All newcomers to technical analysis (and many old hands, as well) tend to lose sight of the limitations of indicators. Folklore says that technical traders are always seeking the Holy Grail, or the perfect indicator or combination of indicators that is right 100 percent of the time. It doesn’t exist. One of the reasons it doesn’t exist is that you are different from the next guy. Equally important, you change over time. The ideal indicator that delivered great profits ten years ago is one that you now avoid as carrying too much risk. In other words, an indicator is only what you make of it — how you apply it.

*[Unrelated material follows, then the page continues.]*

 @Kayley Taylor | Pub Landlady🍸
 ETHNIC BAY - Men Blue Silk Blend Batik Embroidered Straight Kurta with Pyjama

How you use an indicator isn’t set by the indicator itself, but by the trading rules you use. Indicators and trading rules have a chicken-and-egg relationship. The process of selecting and using indicators involves not only the characteristics of the indicator, but also a consideration of the trading rules you must employ to make the indicator work properly for you.
For example, you may like an indicator but find it generates too many trades in a fixed period, so you don’t execute every single signal. Someone else may use the identical indicator, but instead of overriding indicator signals with personal judgment like you, he modifies the exact timing of trades by using a second indicator.
Modifying indicators with trading rules is always better than overriding them. To override your indicator haphazardly is self-defeating. You’re letting emotion back in. Plus, you won’t get the expected result from the indicator — and then you’ll blame the indicator.
Fortunately, most indicators are fairly flexible. They can be adapted to fit the trading style you prefer, such as the frequency of your trades. Indicators are about price-move measurement. Trading rules are about you and your tolerance for risk. Trading rules must be appropriate to the indicators you choose. In short, don’t pick indicators that you can’t follow, like a momentum indicator that gives ten trading signals per month when you don’t have the time or inclination to trade that often.